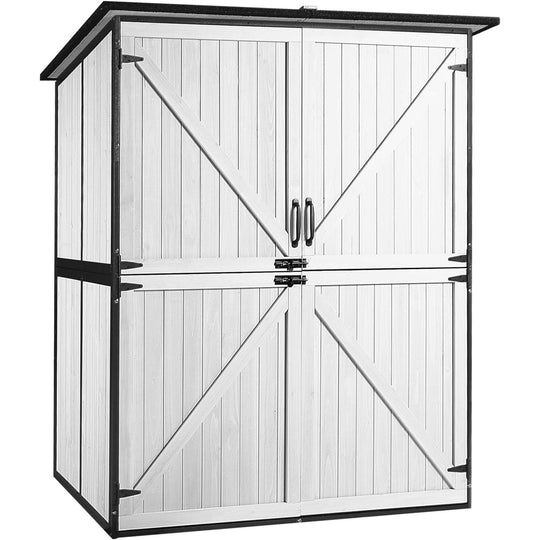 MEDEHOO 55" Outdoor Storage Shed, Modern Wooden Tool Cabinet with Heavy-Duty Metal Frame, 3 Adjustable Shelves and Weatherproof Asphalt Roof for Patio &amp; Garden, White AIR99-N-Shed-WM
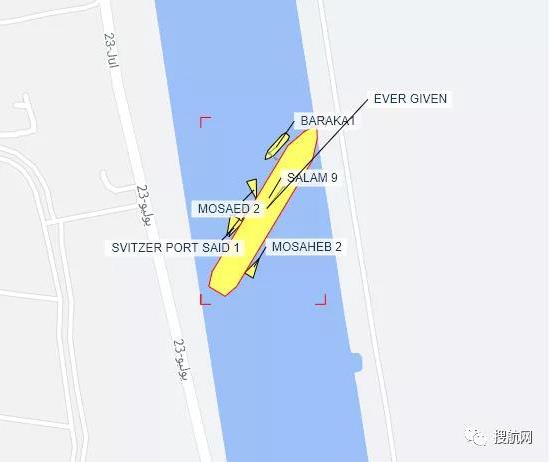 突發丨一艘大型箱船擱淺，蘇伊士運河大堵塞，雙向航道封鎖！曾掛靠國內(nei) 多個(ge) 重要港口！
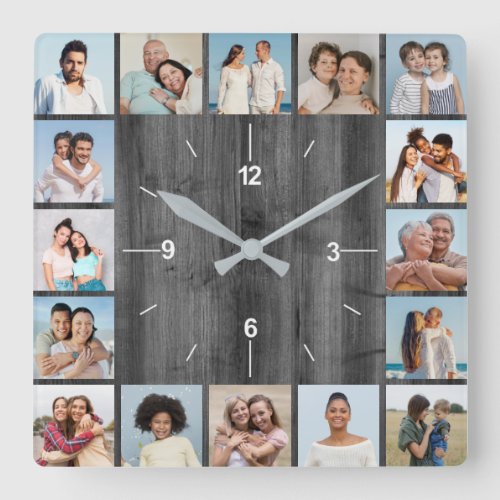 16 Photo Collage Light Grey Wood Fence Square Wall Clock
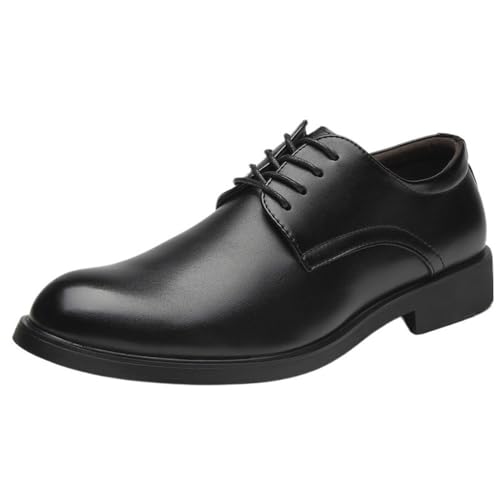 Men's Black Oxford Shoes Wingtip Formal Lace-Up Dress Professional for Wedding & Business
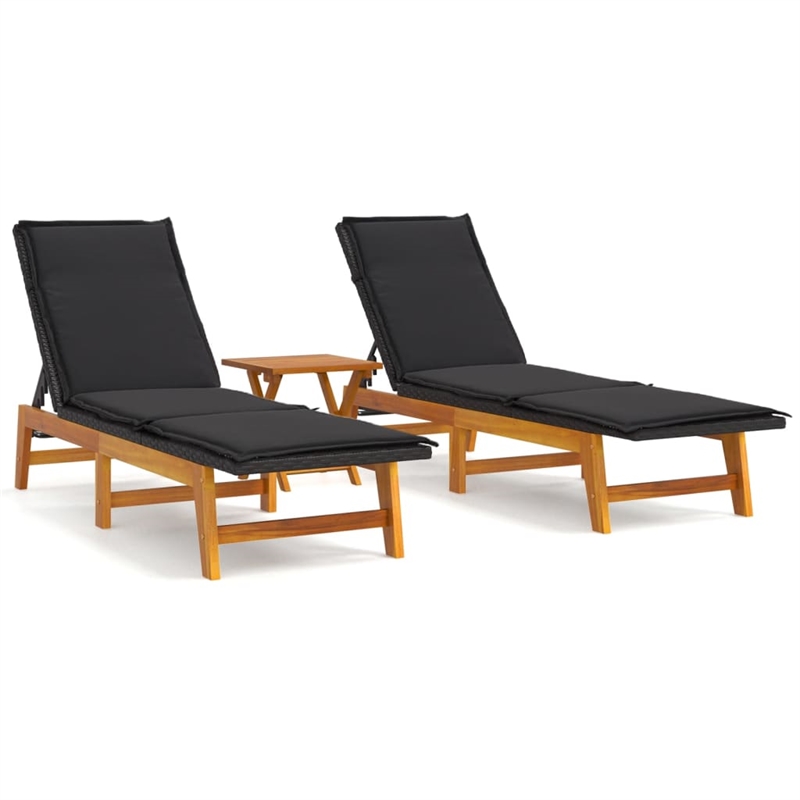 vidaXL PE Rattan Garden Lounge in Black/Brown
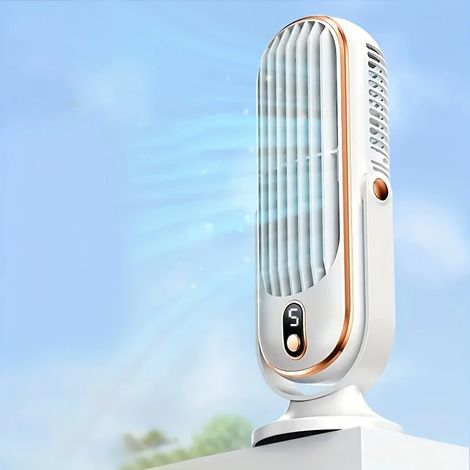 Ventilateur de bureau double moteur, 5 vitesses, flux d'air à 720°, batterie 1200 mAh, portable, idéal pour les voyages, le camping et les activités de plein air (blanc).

------

> [Description of the task]
Find the line containing "16 Photo Collage" and copy it and each line after it through the end of the material, exactly, with no pictures.

> [Solution to the problem]
 16 Photo Collage Light Grey Wood Fence Square Wall Clock
 Men's Black Oxford Shoes Wingtip Formal Lace-Up Dress Professional for Wedding & Business
 vidaXL PE Rattan Garden Lounge in Black/Brown
 Ventilateur de bureau double moteur, 5 vitesses, flux d'air à 720°, batterie 1200 mAh, portable, idéal pour les voyages, le camping et les activités de plein air (blanc).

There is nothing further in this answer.